LA County Crowned Investment Capital of the US

Los Angeles County topped investment sales figures in 2019, with multifamily and industrial driving the growth.

reprints


All bets are on.

Los Angeles County has become the most attractive and active place in the country for commercial investors after posting the highest sales volume of any market in 2019, surpassing Manhattan.

SEE ALSO: JP Morgan Sells 179K-SF D.C. Office Building for Just $29M

The region saw more than $28 billion pour in for the fourth year in a row, according to CBRE (CBRE). Manhattan and Seattle came in second and third with $25.9 billion and $25 billion, respectively, according to data from Real Capital Analytics.

Eric Willett, a research director for CBRE’s Pacific Southwest region, said L.A.’s strong figures are a vote of confidence for the market, and they highlight how attractive the region has been with its proximity to the popular ports, unique geography and population size.

L.A. County has had remarkable sales volume hovering around $30 billion since 2015,” he told Commercial Observer.

The report showed investors flocking to the region’s institutional assets and stable pricing. For a decade, L.A. has seen growth from multifamily and industrial, and in 2019, those sectors saw all-time highs with $9.5 billion and $7.7 billion in deals, respectively. Willett pointed out that the surge put the two standout classes at nearly 60 percent of all investment in the region — the highest it has ever been for the combined share.

“The county has benefitted from gains in those sectors for the past ten years, but they saw incredible tailwinds in 2019,” Willett said.

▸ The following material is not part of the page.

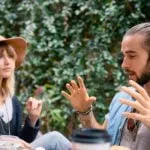 walking-into-a-party-alone?-this-trick-makes-you-instantly-feel-at-ease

CBRE’s report detailed how investors are responding to changing demographics and the notorious rise of e-commerce. It has been a catalyst to both multifamily and industrial, “cementing their presence as preferred asset classes.” Demand for last-mile delivery facilities throughout Southern California continues to heat up as landlords and tenants battle for space near dense city centers.

“The landmark deal of the year was Blackstone (BX)’s $19 billion industrial portfolio acquisition from Singapore-based GLP,” Willett said, referring to the firm’s 179-million-square-foot procurement that was announced in June 2019. “Many Los Angeles industrial assets were part of the portfolio, including over $100 million in South Bay warehouse and distribution facilities.”

Blackstone also added 1.7 million square feet of industrial space in to its L.A. footprint as part of its deal to acquire Colony Industrial for $5.7 billion. Other large L.A. County deals came from Goodman Group, which put down $360 million on two deals for industrial properties during the summer. 

Two apartment developments in Downtown L.A. also traded for more than $400 million when Holland Partner Group sold The Griffin and The Grace on Spring Street. And another blockbuster hit in Hollywood, but it wasn’t for a film studio. The Hollywood & Highland retail complex sold to DJM and Gaw Capital for about $320 million. 

Multifamily investment made up 32.3 percent of the total for L.A. in 2019. Industrial made up 26.2 percent; office made up 24.2 percent; retail made up 11.5 percent; and hotel made up 5.9 percent.

A separate study released Thursday by JLL (JLL) compared L.A.’s industrial market from 2010 to 2019 as it became the most sought-after region in the United States. It showed sales price per square foot has jumped 203 percent to $183 per square foot in that time. 

A Shifting Buyer Base

CBRE’s report showed that institutional funds, not including foreign investors, acquired more properties than they sold, reversing a six-year trend of being a net seller. The domestic investors posted $1.9 billion in net acquisitions in L.A. County. For comparison, in 2016, such U.S. institutional investors sold more than $6 billion in assets.

Willett said it’s more difficult to immediately define what drives interstate ebbs and flows, but part of 2019’s gains were driven by the long expansion period. 

“A lot of firms were sitting on the sidelines with a lot of dry powder,” he said. “But now there’s more activity, and as this period of optimism continues, they’re coming off the sidelines.”

Conversely, investors from outside the U.S. were net sellers in L.A. County for the first time in eight years, according to CBRE’s report. Together, foreign investors unloaded more than $368 million in net assets. In 2016, they were buyers of nearly $5 billion, for comparison. 

Willett said there was reduced volume from several sources, like GLP’s deal with Blackstone, but the withdrawal by Chinese investors was the driver. Trade tensions with the country and political pressures on their investors to recapture U.S. capital caused a 96-percent drop in three years. Once at $1.5 billion in 2016, Chinese activity dropped to $64 million in 2019.

“The shift in Chinese investment is the clearest story,” Willett said. “Four years ago, that was the largest cohort in terms of investment volume. Since then, it’s dwindled to practically nothing.”

Cap rates for stabilized assets have also been consistent across product types the past four years in L.A. County. Cap rates in the region are hovering around 4 percent for stabilized Class A assets, at or near all-time lows.